**Input data:**
◆ ◆ ◆

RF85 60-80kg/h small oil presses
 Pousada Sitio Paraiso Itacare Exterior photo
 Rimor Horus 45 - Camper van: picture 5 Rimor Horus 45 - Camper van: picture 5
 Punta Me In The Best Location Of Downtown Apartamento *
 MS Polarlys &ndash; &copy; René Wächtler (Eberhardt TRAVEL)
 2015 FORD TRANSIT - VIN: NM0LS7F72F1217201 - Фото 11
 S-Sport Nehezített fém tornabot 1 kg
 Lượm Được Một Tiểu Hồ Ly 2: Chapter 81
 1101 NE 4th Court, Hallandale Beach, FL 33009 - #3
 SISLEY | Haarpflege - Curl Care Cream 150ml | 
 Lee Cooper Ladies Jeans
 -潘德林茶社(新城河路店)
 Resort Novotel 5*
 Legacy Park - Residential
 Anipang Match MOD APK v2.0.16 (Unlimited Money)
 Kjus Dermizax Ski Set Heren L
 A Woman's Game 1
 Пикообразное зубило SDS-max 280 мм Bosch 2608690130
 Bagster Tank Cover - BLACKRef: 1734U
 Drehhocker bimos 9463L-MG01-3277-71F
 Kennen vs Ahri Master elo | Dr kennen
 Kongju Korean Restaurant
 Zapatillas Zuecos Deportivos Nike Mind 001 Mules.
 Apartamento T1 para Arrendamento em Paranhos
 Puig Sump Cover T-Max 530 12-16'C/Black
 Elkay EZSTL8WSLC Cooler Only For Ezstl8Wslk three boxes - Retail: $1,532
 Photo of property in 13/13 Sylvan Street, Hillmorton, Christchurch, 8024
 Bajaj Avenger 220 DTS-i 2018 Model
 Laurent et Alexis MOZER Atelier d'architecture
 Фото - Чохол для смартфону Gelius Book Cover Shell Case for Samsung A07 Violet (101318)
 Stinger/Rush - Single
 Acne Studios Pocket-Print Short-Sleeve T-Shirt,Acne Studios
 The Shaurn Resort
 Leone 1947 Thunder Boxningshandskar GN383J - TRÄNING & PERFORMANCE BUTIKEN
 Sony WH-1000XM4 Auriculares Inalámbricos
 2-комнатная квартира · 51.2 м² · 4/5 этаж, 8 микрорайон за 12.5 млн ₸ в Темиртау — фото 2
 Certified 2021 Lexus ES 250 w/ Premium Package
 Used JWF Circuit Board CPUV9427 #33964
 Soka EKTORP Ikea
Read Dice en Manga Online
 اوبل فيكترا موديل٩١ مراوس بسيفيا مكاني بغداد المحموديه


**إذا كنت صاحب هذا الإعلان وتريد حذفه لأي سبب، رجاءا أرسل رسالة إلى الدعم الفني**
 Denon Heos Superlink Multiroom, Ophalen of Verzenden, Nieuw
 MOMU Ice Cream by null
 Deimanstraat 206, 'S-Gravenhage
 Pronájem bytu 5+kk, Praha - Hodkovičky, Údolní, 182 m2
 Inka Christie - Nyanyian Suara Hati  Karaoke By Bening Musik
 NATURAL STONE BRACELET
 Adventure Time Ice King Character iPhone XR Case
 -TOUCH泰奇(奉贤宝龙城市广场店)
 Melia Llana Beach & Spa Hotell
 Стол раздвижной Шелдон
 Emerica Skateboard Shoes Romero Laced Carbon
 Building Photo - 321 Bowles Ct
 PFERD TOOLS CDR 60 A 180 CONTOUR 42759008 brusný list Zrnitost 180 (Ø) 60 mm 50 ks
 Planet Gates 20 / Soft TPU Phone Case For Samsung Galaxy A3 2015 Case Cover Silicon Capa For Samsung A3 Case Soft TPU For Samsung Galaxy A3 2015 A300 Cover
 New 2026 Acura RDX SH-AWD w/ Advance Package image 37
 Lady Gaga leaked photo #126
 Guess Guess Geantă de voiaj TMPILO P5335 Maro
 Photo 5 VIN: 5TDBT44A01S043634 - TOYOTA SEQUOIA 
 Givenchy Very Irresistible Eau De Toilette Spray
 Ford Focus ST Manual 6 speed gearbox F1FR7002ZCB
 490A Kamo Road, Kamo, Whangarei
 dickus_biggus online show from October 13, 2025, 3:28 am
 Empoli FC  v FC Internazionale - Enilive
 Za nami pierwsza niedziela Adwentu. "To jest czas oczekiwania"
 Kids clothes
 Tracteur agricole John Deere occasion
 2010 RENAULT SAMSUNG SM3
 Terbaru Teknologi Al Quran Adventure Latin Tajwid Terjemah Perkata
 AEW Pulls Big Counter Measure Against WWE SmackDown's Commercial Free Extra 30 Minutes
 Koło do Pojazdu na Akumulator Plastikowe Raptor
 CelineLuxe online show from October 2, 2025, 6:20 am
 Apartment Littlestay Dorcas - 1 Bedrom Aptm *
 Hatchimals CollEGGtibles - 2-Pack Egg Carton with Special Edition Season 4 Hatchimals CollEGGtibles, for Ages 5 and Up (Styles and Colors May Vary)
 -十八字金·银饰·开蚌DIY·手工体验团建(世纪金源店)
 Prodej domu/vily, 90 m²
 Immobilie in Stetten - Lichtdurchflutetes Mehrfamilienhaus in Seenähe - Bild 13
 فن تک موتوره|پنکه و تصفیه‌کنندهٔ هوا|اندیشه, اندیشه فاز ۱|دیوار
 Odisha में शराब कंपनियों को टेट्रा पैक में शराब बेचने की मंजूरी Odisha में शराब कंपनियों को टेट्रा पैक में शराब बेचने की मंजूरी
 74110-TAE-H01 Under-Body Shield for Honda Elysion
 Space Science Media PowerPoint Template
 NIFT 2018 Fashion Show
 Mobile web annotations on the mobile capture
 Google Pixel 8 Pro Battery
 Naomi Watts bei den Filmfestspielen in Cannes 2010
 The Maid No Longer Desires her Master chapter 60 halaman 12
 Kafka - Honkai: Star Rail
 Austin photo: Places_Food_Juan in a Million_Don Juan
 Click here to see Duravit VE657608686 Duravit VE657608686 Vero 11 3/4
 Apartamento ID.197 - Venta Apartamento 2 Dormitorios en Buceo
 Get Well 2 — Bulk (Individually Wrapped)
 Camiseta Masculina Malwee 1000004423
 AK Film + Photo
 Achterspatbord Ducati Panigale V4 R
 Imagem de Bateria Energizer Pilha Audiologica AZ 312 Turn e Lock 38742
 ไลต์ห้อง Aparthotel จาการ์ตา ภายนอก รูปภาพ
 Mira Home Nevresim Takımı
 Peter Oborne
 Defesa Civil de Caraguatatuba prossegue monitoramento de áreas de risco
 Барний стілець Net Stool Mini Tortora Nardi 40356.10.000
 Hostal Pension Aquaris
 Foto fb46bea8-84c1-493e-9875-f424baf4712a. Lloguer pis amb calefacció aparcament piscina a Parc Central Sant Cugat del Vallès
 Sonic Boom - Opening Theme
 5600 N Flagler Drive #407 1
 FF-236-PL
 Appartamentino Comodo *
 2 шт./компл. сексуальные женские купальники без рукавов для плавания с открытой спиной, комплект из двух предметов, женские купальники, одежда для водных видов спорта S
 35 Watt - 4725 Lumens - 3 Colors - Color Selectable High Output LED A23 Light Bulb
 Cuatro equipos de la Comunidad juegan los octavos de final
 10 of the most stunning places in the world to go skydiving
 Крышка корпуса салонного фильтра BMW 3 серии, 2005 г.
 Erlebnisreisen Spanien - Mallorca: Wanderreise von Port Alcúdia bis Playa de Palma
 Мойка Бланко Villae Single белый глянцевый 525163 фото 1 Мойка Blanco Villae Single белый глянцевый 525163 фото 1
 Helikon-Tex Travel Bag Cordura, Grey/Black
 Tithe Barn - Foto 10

◆ ◆ ◆

**Brief:** Which lines in the records contain the word "Package"? Copy each one.

**Exercise answer:**
 Certified 2021 Lexus ES 250 w/ Premium Package
 New 2026 Acura RDX SH-AWD w/ Advance Package image 37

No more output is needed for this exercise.